BOURNEMOUTH mortgage broker Leybridge Ltd has been fined £24,000 and censured by the Financial Services Authority (FSA) for keeping inadequate records and failing to ensure it provided suitable advice to its customers.

According to the FSA the Bath Road based business operation exposed 425 customers to the risk of being mis-sold a mortgage during the period between October 2004 (when the company was first established) and February 2008.

However, the FSA has waived the fine in order to ensure that Leybridge can afford to compensate customers who might have been disadvantaged.

Explaining the censure, the FSA says Leybridge failed to ensure that it made and retained adequate records of its customers' personal and financial information in a number of key areas and widespread record keeping failures led to the firm being unable to demonstrate that the advice given to customers was suitable.

The firm was also found to have employed inadequate file checking systems whereby sales advisers and mortgage processors would check each file for the existence of requisite documentation, not the standard of its completion.

Directors would then check only a sample of files and did not do so on a regular or adequate basis.

In its report the FSA said that customers who are employed and can prove their income most commonly take out full status mortgages.

However, Leybridge sometimes recommended self certification mortgages to such customers. In these circumstances Leybridge often recorded no explanation as to why this type of mortgage was recommended.

When Leybridge issued a letter of suitability to its customers detailing the reasons why a particular mortgage product had been recommended the reasons given were often generic and did not reflect the information contained within the fact find.

Margaret Cole, FSA Director of Enforcement, said: "Leybridge's record keeping was so poor that they could not demonstrate that the sales of mortgages were suitable and had no way of proving to us that the firm was treating its customers fairly."

In waiving the fine, the FSA said it had taken into account that Leybridge had been open and cooperated fully with the investigation and had accepted that there were management and control failures during the Relevant Period.
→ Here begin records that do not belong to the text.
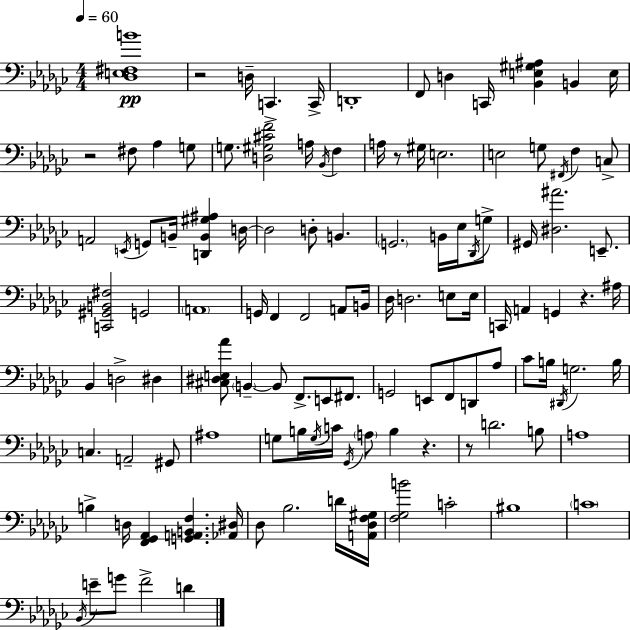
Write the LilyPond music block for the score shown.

{
  \clef bass
  \numericTimeSignature
  \time 4/4
  \key ees \minor
  \tempo 4 = 60
  <des e fis b'>1\pp | r2 d16-- c,4.-> c,16-> | d,1-. | f,8 d4 c,16 <bes, e gis ais>4 b,4 e16 | \break r2 fis8 aes4 g8 | g8. <d gis cis' f'>2 a16 \acciaccatura { bes,16 } f4 | a16 r8 gis16 e2. | e2 g8 \acciaccatura { fis,16 } f4 | \break c8-> a,2 \acciaccatura { e,16 } g,8 b,16-- <d, b, gis ais>4 | d16~~ d2 d8-. b,4. | \parenthesize g,2. b,16 | ees16 \acciaccatura { des,16 } g8-> gis,16 <dis ais'>2. | \break e,8.-- <c, gis, b, fis>2 g,2 | \parenthesize a,1 | g,16 f,4 f,2 | a,8 b,16 des16 d2. | \break e8 e16 c,16 a,4 g,4 r4. | ais16 bes,4 d2-> | dis4 <cis dis e aes'>8 \parenthesize b,4--~~ b,8 f,8.-> e,8 | fis,8. g,2 e,8 f,8 | \break d,8 aes8 ces'8 b16 \acciaccatura { dis,16 } g2. | b16 c4. a,2-- | gis,8 ais1 | g8 b16 \acciaccatura { g16 } c'16 \acciaccatura { ges,16 } \parenthesize a8 b4 | \break r4. r8 d'2. | b8 a1 | b4-> d16 <f, ges, aes,>4 | <g, a, b, f>4. <aes, dis>16 des8 bes2. | \break d'16 <a, des f gis>16 <f ges b'>2 c'2-. | bis1 | \parenthesize c'1 | \acciaccatura { bes,16 } e'8-- g'8 f'2-> | \break d'4 \bar "|."
}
Leybridge also agreed to remedial action in the form of a customer contact exercise and has committed to compensate those who may have suffered any detriment as a result of Leybridge's failings.
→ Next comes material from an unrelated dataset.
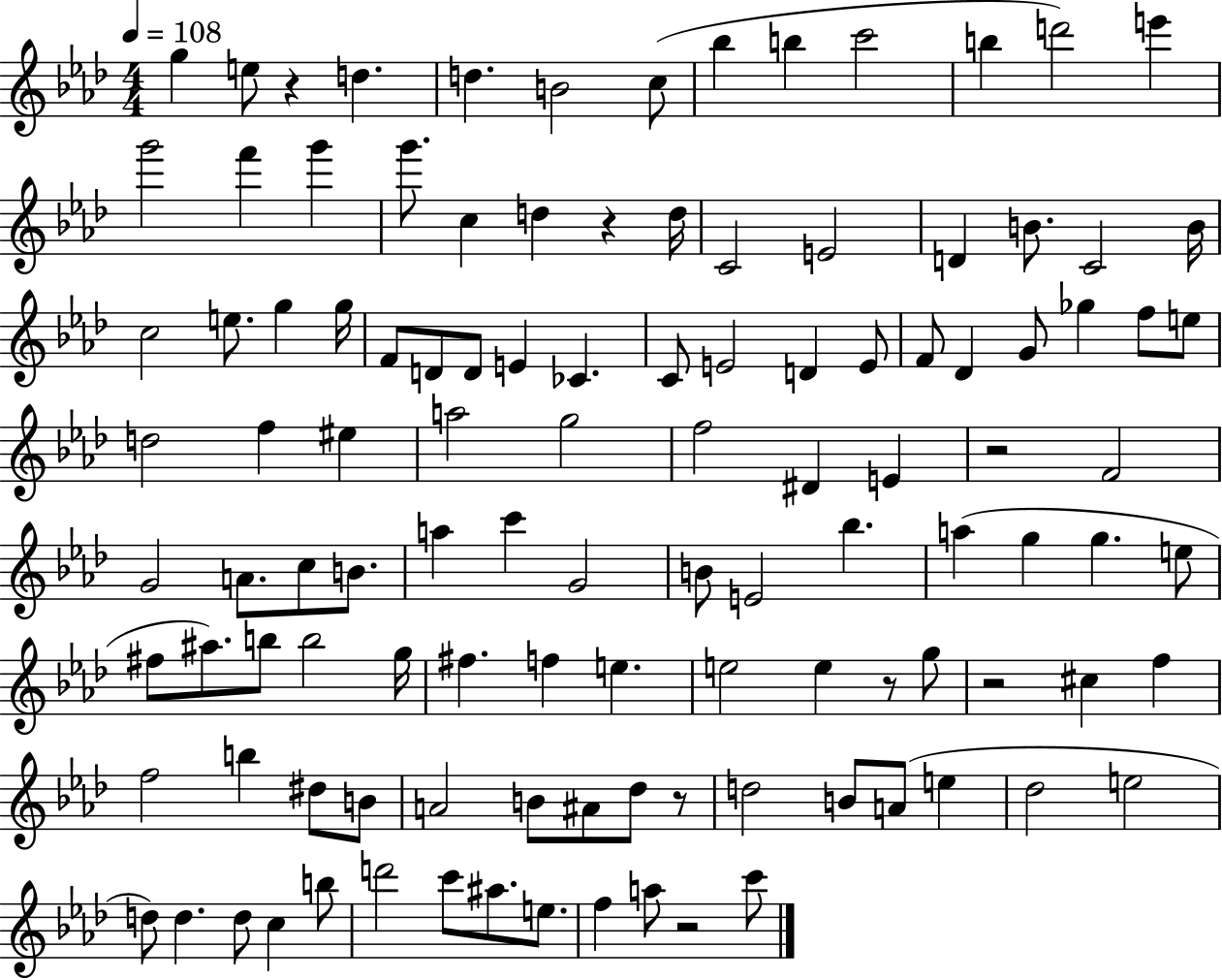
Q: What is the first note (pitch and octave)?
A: G5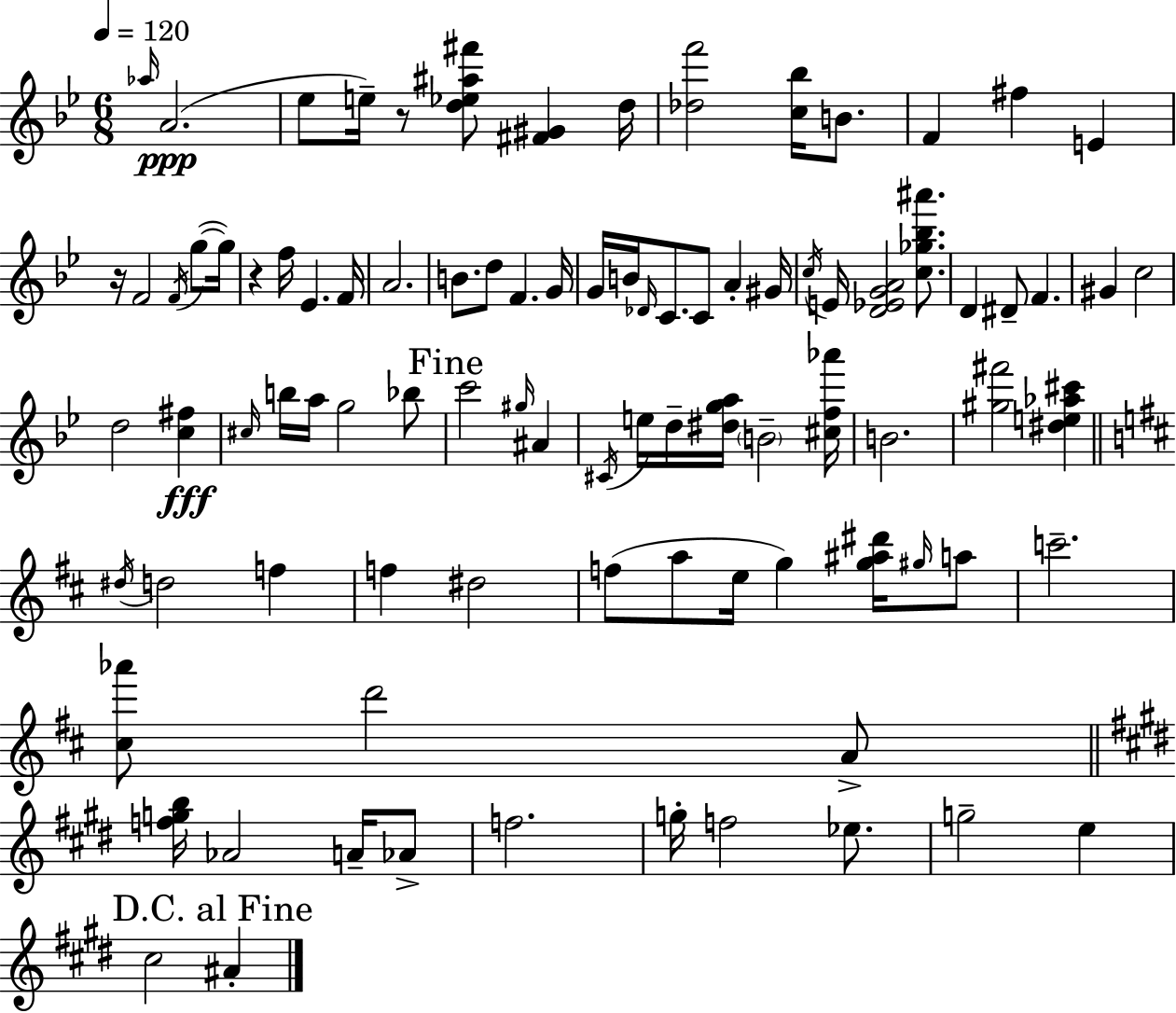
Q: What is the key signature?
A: BES major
Managing director David Dixey said that many of the aspects identified by the FSA had occurred during the early days when the company was first started.
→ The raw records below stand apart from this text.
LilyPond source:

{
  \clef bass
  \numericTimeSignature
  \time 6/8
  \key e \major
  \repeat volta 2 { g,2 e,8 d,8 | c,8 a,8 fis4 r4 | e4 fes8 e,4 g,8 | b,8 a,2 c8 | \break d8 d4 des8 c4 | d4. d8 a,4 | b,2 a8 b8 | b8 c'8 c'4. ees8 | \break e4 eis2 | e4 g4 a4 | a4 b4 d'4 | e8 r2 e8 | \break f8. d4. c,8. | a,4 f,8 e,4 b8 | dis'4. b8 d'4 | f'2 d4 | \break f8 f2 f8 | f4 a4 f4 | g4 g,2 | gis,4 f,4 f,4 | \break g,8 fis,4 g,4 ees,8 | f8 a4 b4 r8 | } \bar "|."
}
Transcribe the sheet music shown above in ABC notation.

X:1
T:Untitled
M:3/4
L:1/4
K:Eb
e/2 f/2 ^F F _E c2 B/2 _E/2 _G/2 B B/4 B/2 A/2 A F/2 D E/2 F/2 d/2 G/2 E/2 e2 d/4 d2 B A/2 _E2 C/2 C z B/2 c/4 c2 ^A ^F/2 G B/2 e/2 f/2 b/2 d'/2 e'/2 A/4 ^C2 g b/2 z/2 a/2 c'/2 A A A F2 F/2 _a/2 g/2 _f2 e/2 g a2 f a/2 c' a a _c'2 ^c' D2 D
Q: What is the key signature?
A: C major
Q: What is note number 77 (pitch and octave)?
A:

"We have continued to learn as the business has grown and put in place measures to overcome the issues identified." During the period we rejected 20,000 mortgage applications where people could not fulfil the conditions which shows how selective our process is."

Leybridge is a limited company with three directors. During the relevant period, Leybridge employed three salespersons who between them advised on 425 mortgage contracts.

It was one of 50 mortgage brokers visited by the FSA's Small Firms and Contact Division (SFCD) in 2008 as part of a thematic project looking into the quality of advice processes' in mortgage brokers.